Blood tests indicated that Shoemaker was legally drunk at the time of his accident.
At Hollywood Park in July, a $250-per-plate black-tie dinner and auction that included breeding rights to Nureyev and other stallions raised more than $1 million for the Shoemaker foundation. Hubbard, who has said that Shoemaker himself will be the foundation’s major benefactor, estimated that the fund will reach $2 million by next year.
“In a way, we (the MacBeth fund) are in competition (with the Shoemaker foundation),” McCarron said. “It’s sticky for me, because I want to support both. There’s also a third fund I’m behind--the Disabled Riders Fund of the Jockeys’ Guild. We’re all after the donor dollar. The MacBeth fund has a broader span, and I believe it asks for less. But as long as people just give to one of the three, I’m happy.”
One donor--Fritz Hawn, an owner-breeder and former board member at Del Mar--gave $200,000 to the Shoemaker foundation. By comparison, many of the donations to the MacBeth fund are small change.

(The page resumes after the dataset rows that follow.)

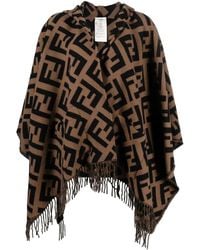 Fendi - Poncho With Cashmere Capp Accessories - Lyst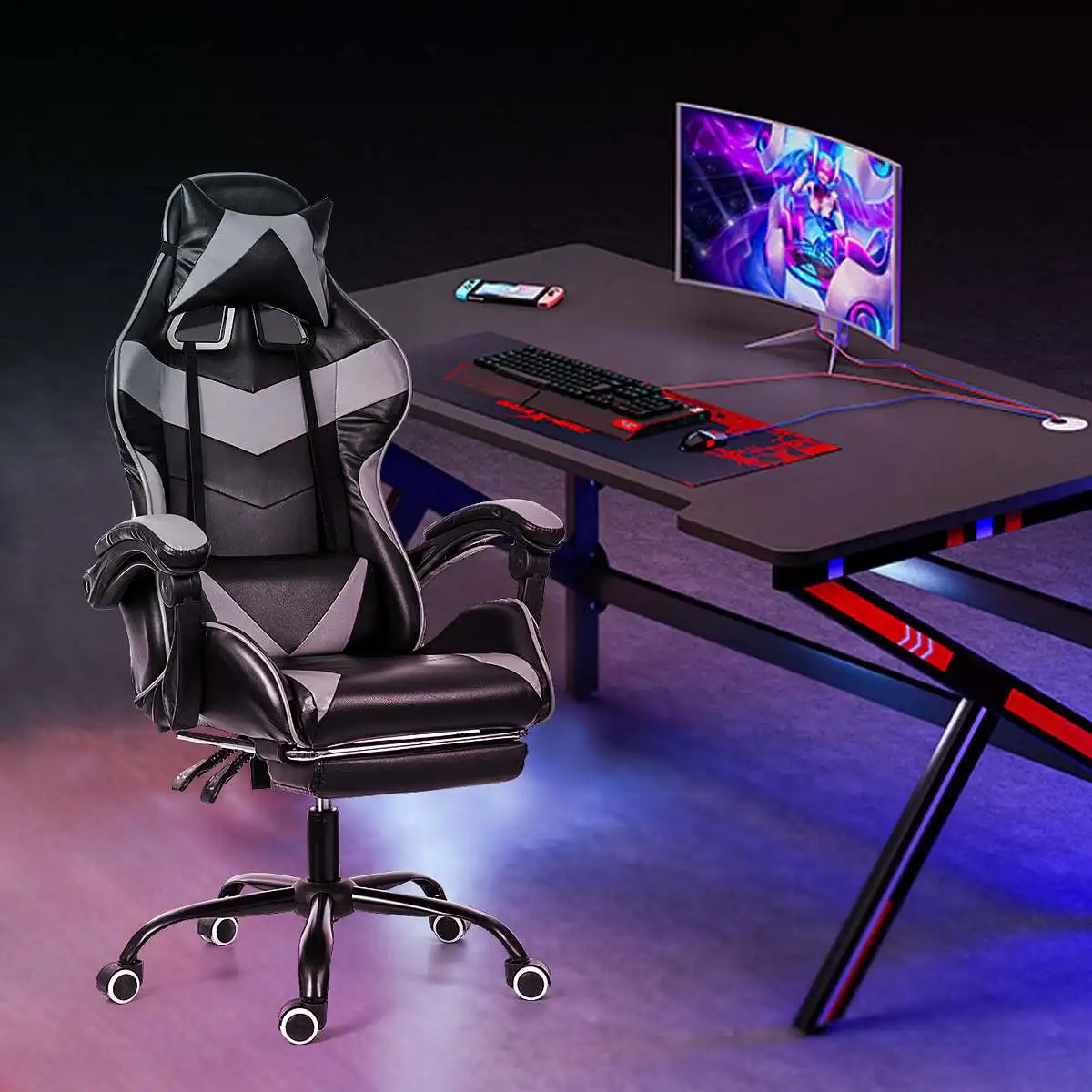 

Office Chair WCG Gaming Chair Home Internet Desk Computer Chair Ergonomic Office Gamer Chair with Footrest Swivel Lifting Lying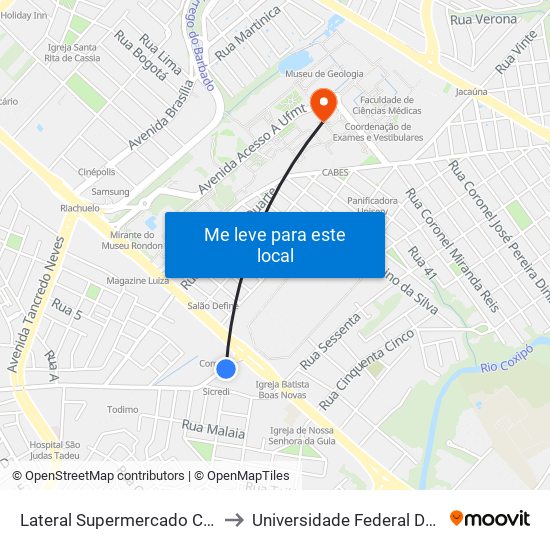 Lateral Supermercado Comper | Coxipó to Universidade Federal De Mato Grosso map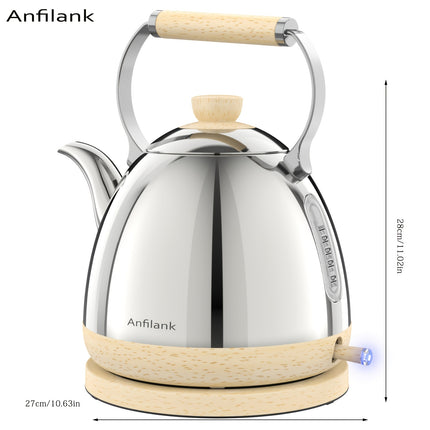 Stainless Steel Electric Kettle | 1500W Silver Wood Grain Design, Fast Boil, Anti-Dry Burning,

The Santa Anita jockeys play an annual benefit softball game--Don MacBeth’s daughter, Tiffany, has attended for the last three years. Dave Johnson, a horse racing announcer, has donated some of his commercial fees. At three balls for $2, Laurel Race Course raised $630 as fans took shots at their least-favorite jockeys, sending them into a dunking tub. Conway has donated profits from racing videos and one of his hobbies--woodworking--has resulted in the sale of lamps, plaques and hat racks.

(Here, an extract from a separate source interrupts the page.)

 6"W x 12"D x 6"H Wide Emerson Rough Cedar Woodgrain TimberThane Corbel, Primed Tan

“I’ve seen Tim bolt from the Turf Club at the track, following a jockey all the way to the hospital emergency room,” DeFranco said.
Says Conway: “They are the gutsiest people you can imagine.”
Before an audience, though, it’s open season. Conway has a routine during which he shows slides of horsemen, then captions them with ridiculous asides. Click. A shot of Pat Valenzuela, holding up five fingers, comes on the screen. “That’s Pat Valenzuela the day he rode four winners,” Conway says. Click. A shot of an empty banquet room appears. “That’s the night of the Gary Stevens testimonial.”
Conway enjoys telling the story of the MacBeth fund helping a jockey whose problem couldn’t be classified as catastrophic. The rider was coming down the stretch, urging his horse on, when his false teeth fell out, lost forever in the sandy loam.
“We got him a new set of choppers,” Conway said.